Sounding Decolonial Futures: Decentering Ethnomusicology's Colonialist Legacies

Introduction to the Collection, "Primitive Indian Tunes"


This collection of manuscripts, titled "Primitive Indian Tunes," were donated to the ethnomusicology program at Oberlin College in 2017 or so in hopes they might be useful. I am not sure what the donor imagine the use to be, but for me they have become valuable artifacts in a story about the social history of engagement with Indigenous sonic materials. I've opted to use the term "sonic" here rather than "music" to signal that some of the Indigenous practices referenced might not be identified as such by practitioners, at the time of collection or now, and remain semantically distinct from this thing we call "music."

When I received them, I tried to make sense of these manuscripts as social artifacts.We can't answer all these questions with certainty, but some sleuthing has meant we can sketch out plausible answers to a number of them, postulating a social history for the life these transcriptions. I became all the more fascinated in these "transcriptions" as I uncovered Oberlin connections. 

The story of the three individuals named on the top of the title page are told in more depth on this site and in the section on the colonialist legacies of early ethnological work. You can get there following the links in this entry. A brief version of the story goes something like this. Alice C. Fletcher began ethnographic work with the Omaha peoples in 1881, where she started transcribing musical practices and later recording them on wax phonograph cylinders. She then reached out to John Comfort Fillmore in 1888, asking for his assistance on musical matters. He suggested there was an implied harmony, meaning a Western tonal sense to the music, that was not yet realized, so he'd just fill it in for the "Indians." Fillmore took Fletcher's  transcriptions (graphic depictions of specific instances of sonic practices that one has heard directly, either in live performance or from a recording) and proceeded to provide harmonized arrangements of them, modifying them significantly in the process. Fillmore collaborated with Fletcher (and other early ethnologists) until his death in 1898. His harmonized arrangements of Fletcher's materials were published in at least two venues: 1) a serious ethnographic study by Fletcher with her Indigenous collaborator, Francis La Flesche, entitled A Study of Omaha Indian Music, published in 1893 by the Peabody Museum of Harvard, where Fletcher was a fellow, and 2) in a book designed for a broader, general public readership, Indian Story and Song from North Americapublished in 1900. Franz Joseph Zeisberg, noted in the historical record as a composer and arranger, clearly consulted the latter given the parallels and overlap in musical materials, borrowing the published arrangements and elaborating on them, producing the hand-written arrangements that are included below.
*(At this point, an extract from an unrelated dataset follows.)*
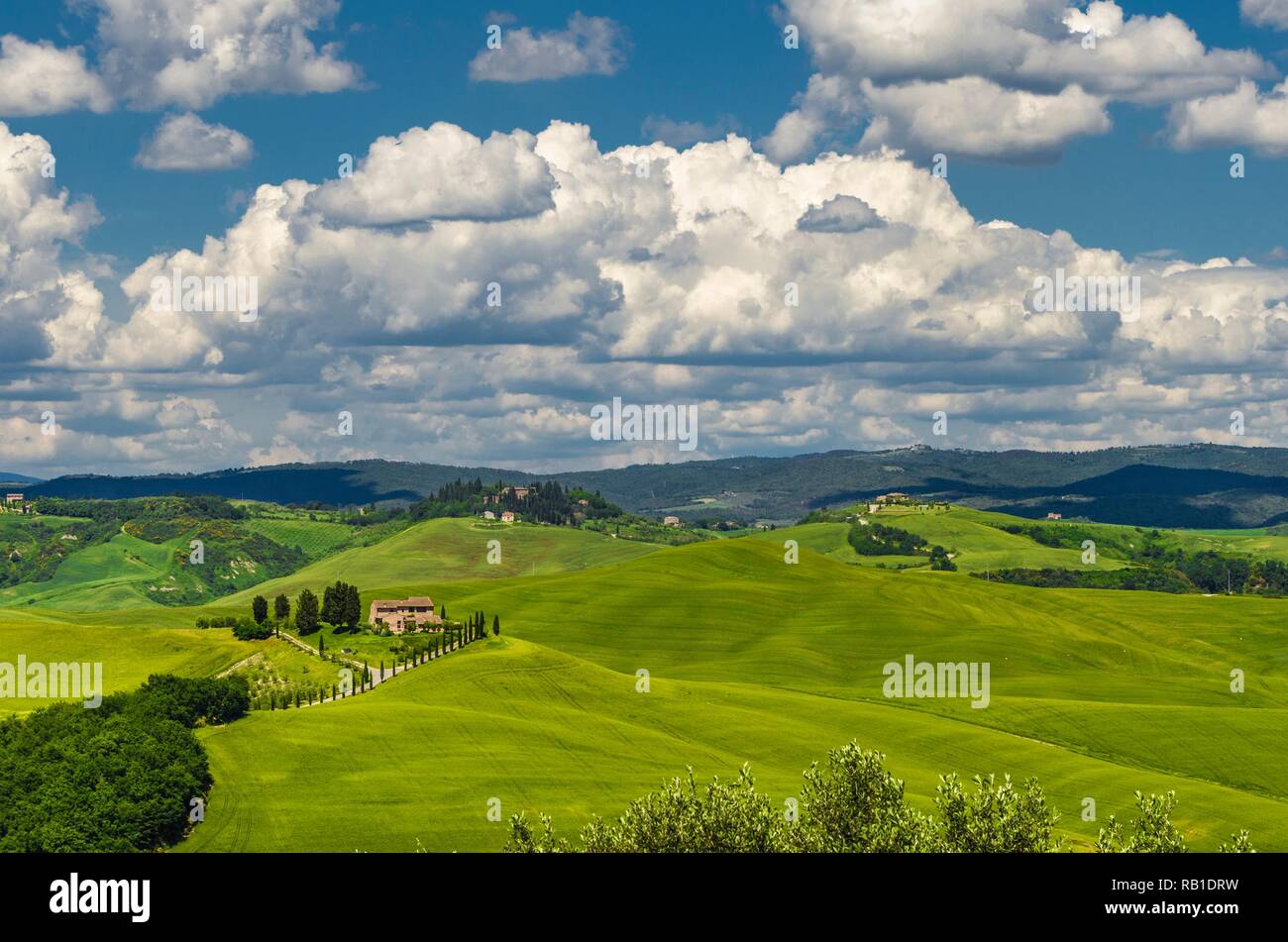 Beautiful Panorama Of The Crete Senesi In Tuscany Italy Stock Photo Alamy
The act of arranging assumes their performance and an audience, but we can only imagine the possible shape of those. 

While the person who penned this title, presumably F. J. Zeisberg, called the collection of scores "Piano Transcriptions," technically they are not transcriptions. Given the relative inaccessibility of the cylinder recordings at the time of these transcriptions, it is unlikely that Zeisberg heard the cylinder phonograph recordings that Fletcher recorded in the field, but rather more likely that he consulted Fillmore's published piano arrangements of Fletcher's transcriptions included in the volume, Indian Story and Song from North America. It would be more accurate to say Zeisberg's scores are re-arrangements of what are themselves are arrangements of transcriptions. The source material, moreover, comes from sources other than Fletcher, as we will see below. 

One of the facts that I encountered early on that intrigued me was the connection to Oberlin College: the connection of early ethnologist and collector of Indigenous music, Frances Densmore, to Oberlin has long been know. But it turns out that Fillmore, acknowledged on the title page as recording the tunes along with Fletcher and the proto-theorist almost single-handedly responsible for instigating the harmonization of Indigenous practices, also has an Oberlin connection: he studied organ and piano at the Conservatory and was a member of the class of 1866, was a  faculty member in 1867, and received an Honorary A.M. in 1870.
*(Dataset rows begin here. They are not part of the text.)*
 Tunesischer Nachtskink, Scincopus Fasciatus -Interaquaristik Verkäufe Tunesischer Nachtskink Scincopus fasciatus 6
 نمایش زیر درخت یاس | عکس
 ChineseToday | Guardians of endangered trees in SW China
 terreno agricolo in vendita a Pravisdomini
And there is at least one more Oberlin connection: these piano arrangements also came into my hands through a community member via another alumna, Janet Knapp Byle (1922-2010), Oberlin College A.B., 1945, Oberlin College M.A, 1952 and Yale University Ph.D., 1961. Byle was a musicologist and music history professor. "Her teaching career was spent at Oberlin, Yale (1958–1963), Boston University (1963–66), Brown University (1967–1971), and Vassar College (as Mellon Professor of Music, 1971–86)" and significantly she "was the first woman to be elected President of the AMS, serving in that ca­pacity in 1975–76" (2010 Obituary in AMS Newsletter 40(2):31). It is not hard to imagine why or how they might have come to be the hands of a musicologist, but it is hard to say whether she used these manuscripts in teaching or research. There is a note that suggests the owner of the documents prior to Knapp, but we can't trace them all the way back to Zeisberg.